Wally, an endearing neurotic, worries about everything, especially Cassie’s bold decision to inseminate herself. “What if you meet someone 6 months from now and fall in love?,” Wally questions, launching protestation after protestation to her plan. Fed up, Cassie calls for a time-out in their friendship, and doesn’t see him again until the night of her insemination party.

What follows is hilarious. Suffice to say that several drinks and one “herbal supplement” later, Wally switches his semen for the donor’s. But so intoxicated is he that he has absolutely no memory of making the switch.
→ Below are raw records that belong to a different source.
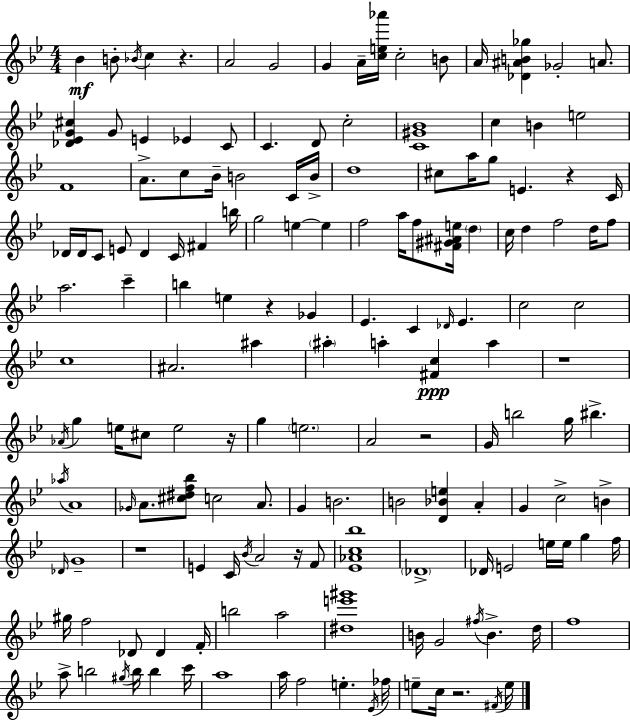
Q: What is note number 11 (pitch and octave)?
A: A4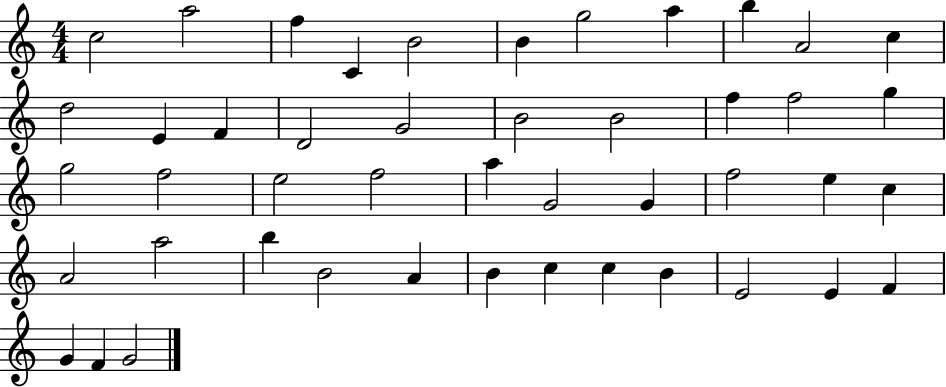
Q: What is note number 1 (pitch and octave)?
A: C5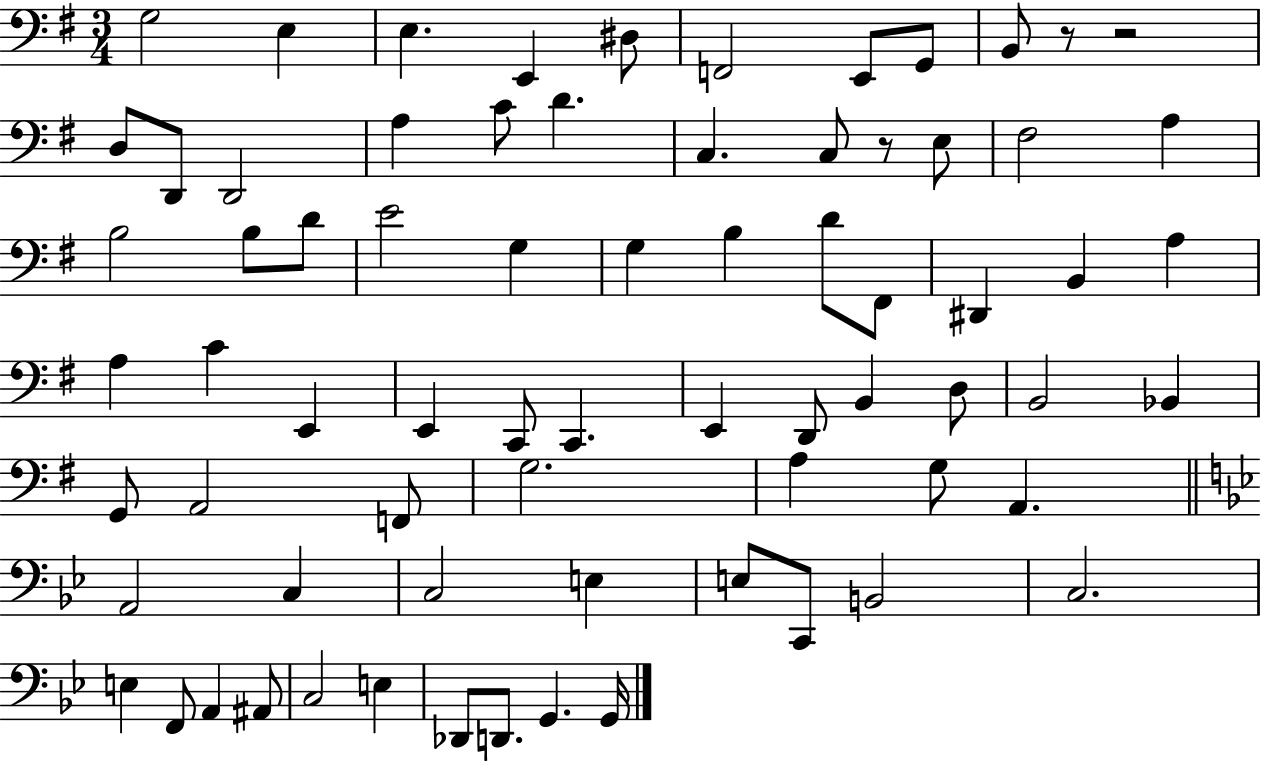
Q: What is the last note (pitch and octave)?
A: G2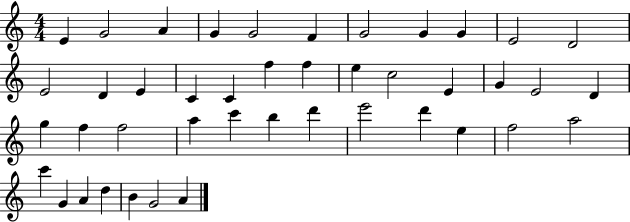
X:1
T:Untitled
M:4/4
L:1/4
K:C
E G2 A G G2 F G2 G G E2 D2 E2 D E C C f f e c2 E G E2 D g f f2 a c' b d' e'2 d' e f2 a2 c' G A d B G2 A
Seven years later, when Cassie returns to New York City with her six year-old son, Sebastian, the similarities between Wally and Sebastian seem uncanny…That is, until Wally begins to remember what he did at Cassie’s party seven years ago.

Bateman shines in this film as a charmingly phobic “man-boy,” a role not too far from the adorable Michael Bluth that Bateman played in Arrested Development. Aniston delivers a genuine performance as a woman who lets go of the “First comes marriage…” fairytale and takes matters into her own hands. Bateman and Aniston have great comic timing, and good chemistry to boot.

A solid cast of supporting actors, including Jeff Goldblum and Juliette Lewis, round out the film. Goldblum, in particular, steals the spotlight with his captivating charisma and comical wit.

Thomas Robinson, the child who plays Sebastian (Cassie’s son) is engaging and not as annoying as most other child actors. The film could stand to trim a few of Robinson’s scenes (when did it become “cute” to give children overly sophisticated dialogue? Was it in 1990 with Macaulay Culkin in Home Alone?) as it is really the story between Cassie and Wally that we wish to see unfold. Overall, however, the movie does a nice job of developing its characters while focusing on the primary tension of the plot.

The Switch is not bad. Not fantastic, mind you, but pretty good. The Switch might even encourage you to stop waiting for life to happen and make it happen for yourself.

Now, who says rom-coms aren’t important?

The Switch is currently playing at several theatres in Lexington.